The simple truth is that no application scales effectively the first time around—it's impossible to get everything correct right out of the gate. To successfully scale an application, you need to understand how the application was built as well as how the operating environment it runs in works. In other words, you need information from both the development folks and the network folks. Without that shared knowledge, you can not succeed.
The Fundamentals of Scaling
Before diving in, let's set the stage for what it takes to actually scale an ASP.NET application. There are two fundamental strategies that are typically employed—specialization and distribution—and most large, scaling ASP.NET applications apply both strategies. Furthermore, every trick in the book to help your ASP.NET application scale breaks down into one or the other.
Specialization entails separating elements of the application so they can be scaled independently. For example, you might build dedicated image servers rather than using the same servers that render the ASP.NET pages. The optimal configuration of an image server is quite different from an ASP.NET server. Also, separating your image requests from the rest of the application opens up the possibility of using third-party resources for serving images. The same approach can apply to other resource files.
Distribution, on the other hand, involves spreading the application symmetrically across multiple servers, typically called a Web farm. ASP.NET applications are particularly suited to distribution because each individual page request is relatively small, and the interactions of a given user are largely independent of other users. Distribution is really the manifestation of the "scale out" philosophy, where multiple mid-performance servers work together to service the users, rather than the "scale up" approach that has one massive server doing it all.

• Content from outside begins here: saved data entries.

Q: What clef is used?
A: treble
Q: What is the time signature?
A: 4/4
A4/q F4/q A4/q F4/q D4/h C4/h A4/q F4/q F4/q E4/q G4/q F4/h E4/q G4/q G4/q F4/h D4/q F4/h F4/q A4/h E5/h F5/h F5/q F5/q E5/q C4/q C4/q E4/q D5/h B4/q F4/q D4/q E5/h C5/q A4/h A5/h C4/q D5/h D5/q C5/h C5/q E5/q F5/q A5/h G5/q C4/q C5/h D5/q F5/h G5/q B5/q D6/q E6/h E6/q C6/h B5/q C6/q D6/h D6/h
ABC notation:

Combining specialization and distribution increases efficiency—you can distribute only the elements of the application that need additional performance. For example, if you've created specialized image servers but image serving is still not adequate, you can add image servers rather than adding servers for the entire application. It's important to keep these strategies in mind as you dig into improving the performance and scalability of your ASP.NET application.
The Meeting of the Minds
At some point during the lifecycle of every ASP.NET application, the developers and the network/IT personnel are likely to meet. With any luck, this will take place before the application is deployed, but sometimes it happens only after there is a crisis—for example, when the application runs great in the test environment, then ships to the users and slows to a crawl. (This is when consultants like me are called in.)
When developers and network people meet, the primary goal is to exchange information. The developers possess key knowledge about the application, as do the network personnel about the operating environment. Each group needs to understand the other group's data, and the earlier in the application lifecycle they meet, the better.

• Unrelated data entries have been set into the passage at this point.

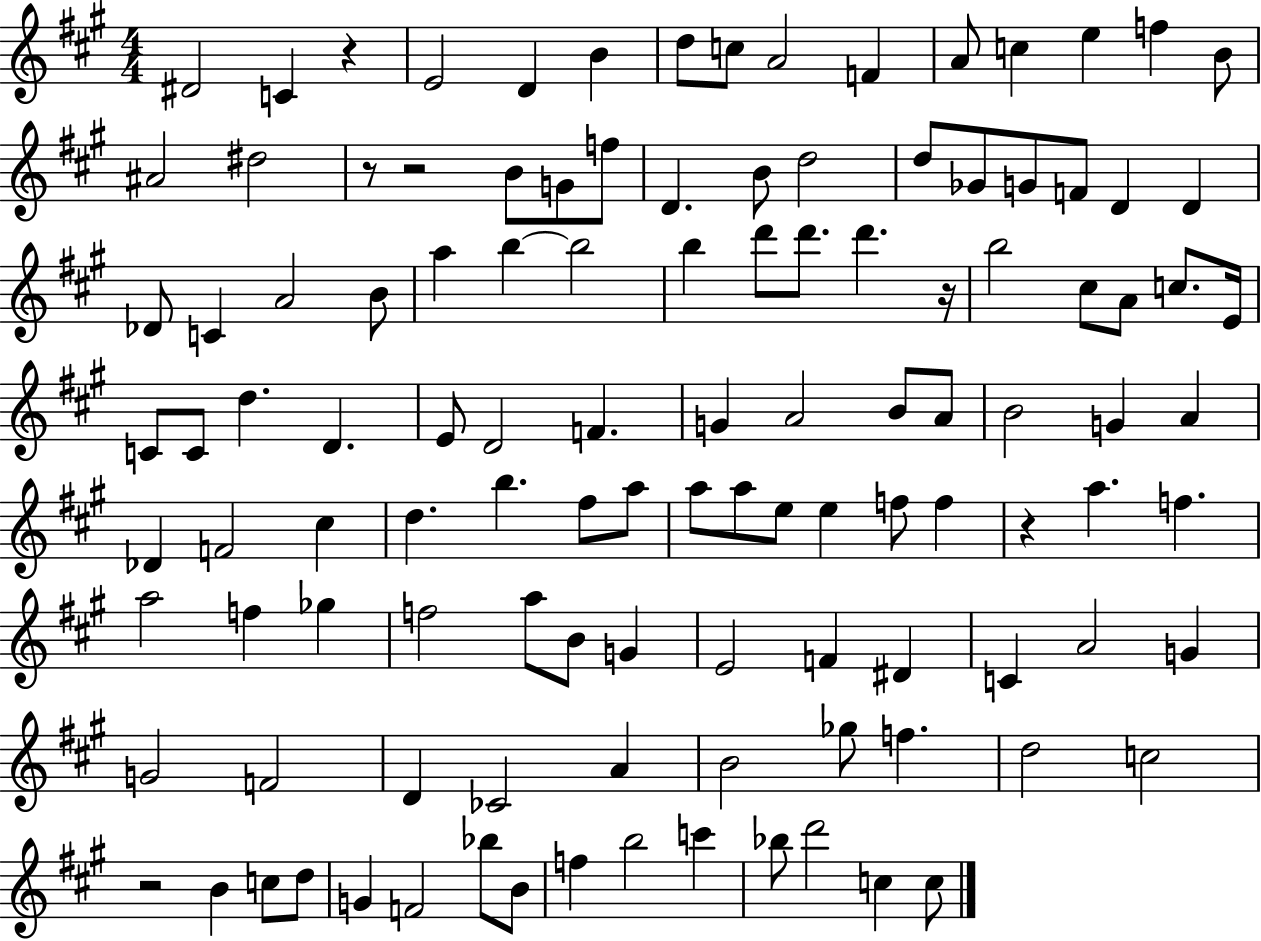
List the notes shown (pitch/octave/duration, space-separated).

D#4/h C4/q R/q E4/h D4/q B4/q D5/e C5/e A4/h F4/q A4/e C5/q E5/q F5/q B4/e A#4/h D#5/h R/e R/h B4/e G4/e F5/e D4/q. B4/e D5/h D5/e Gb4/e G4/e F4/e D4/q D4/q Db4/e C4/q A4/h B4/e A5/q B5/q B5/h B5/q D6/e D6/e. D6/q. R/s B5/h C#5/e A4/e C5/e. E4/s C4/e C4/e D5/q. D4/q. E4/e D4/h F4/q. G4/q A4/h B4/e A4/e B4/h G4/q A4/q Db4/q F4/h C#5/q D5/q. B5/q. F#5/e A5/e A5/e A5/e E5/e E5/q F5/e F5/q R/q A5/q. F5/q. A5/h F5/q Gb5/q F5/h A5/e B4/e G4/q E4/h F4/q D#4/q C4/q A4/h G4/q G4/h F4/h D4/q CES4/h A4/q B4/h Gb5/e F5/q. D5/h C5/h R/h B4/q C5/e D5/e G4/q F4/h Bb5/e B4/e F5/q B5/h C6/q Bb5/e D6/h C5/q C5/e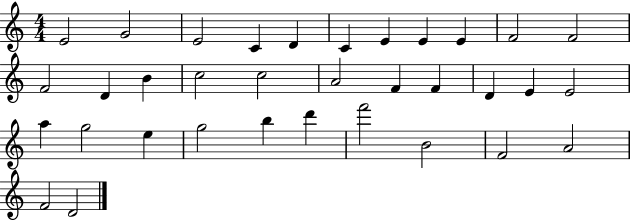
E4/h G4/h E4/h C4/q D4/q C4/q E4/q E4/q E4/q F4/h F4/h F4/h D4/q B4/q C5/h C5/h A4/h F4/q F4/q D4/q E4/q E4/h A5/q G5/h E5/q G5/h B5/q D6/q F6/h B4/h F4/h A4/h F4/h D4/h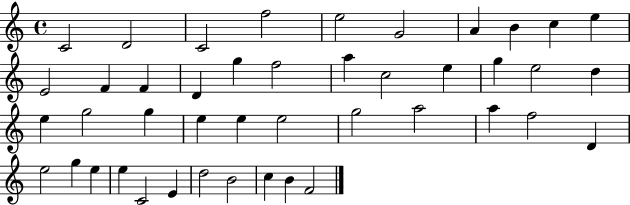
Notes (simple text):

C4/h D4/h C4/h F5/h E5/h G4/h A4/q B4/q C5/q E5/q E4/h F4/q F4/q D4/q G5/q F5/h A5/q C5/h E5/q G5/q E5/h D5/q E5/q G5/h G5/q E5/q E5/q E5/h G5/h A5/h A5/q F5/h D4/q E5/h G5/q E5/q E5/q C4/h E4/q D5/h B4/h C5/q B4/q F4/h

This meeting should not occur for the first time during a crisis. Without a core understanding between the two teams, it's extremely hard to figure out why the application isn't performing up to requirements. Furthermore, it's all too easy to defensively decide that the problem lies solely with the other team. And that's simply never true—invariably it takes both parties to solve any significantly complex problem.
Even in good times, however, such a meeting can be a very challenging. Those I have orchestrated typically start with the network folks on one side of the table, the development folks on the other. Staring ensues. To get the conversation rolling, I outline the goal of the meeting, specifically a trading of knowledge. It doesn't matter who goes first. I'm going to start with what networking needs to know from development.
What Networking Needs to Know from Development
Every ASP.NET application has its own quirks, but there are key elements that apply in every case. The web.config file is one of these (see Figure 1). Web.config is an intersection point between development and networking. Sometimes it's configured by the developers, sometimes by networking folks. Either way, what's in web.config puts limits on the hardware and network configuration and directly affects how the application operates. Exploring every little aspect of the web.config file in detail would easily fill an entire book; here the point is that both groups need to study the web.config file and agree on what the configuration it represents means and also on the impact the various settings will have on the application and on the environment.
Figure 1 A basic web.config showing some application settings and custom error configuration (Click the image for a larger view)
For example, the <authorization> section of web.config specifies how users will be authenticated in the application, and thus defines a dependency. If the application uses Windows® authentication, it may be dependent on Active Directory®. If it uses forms-based authentication, the dependency is on a data store of user accounts. That's certainly worth a conversation.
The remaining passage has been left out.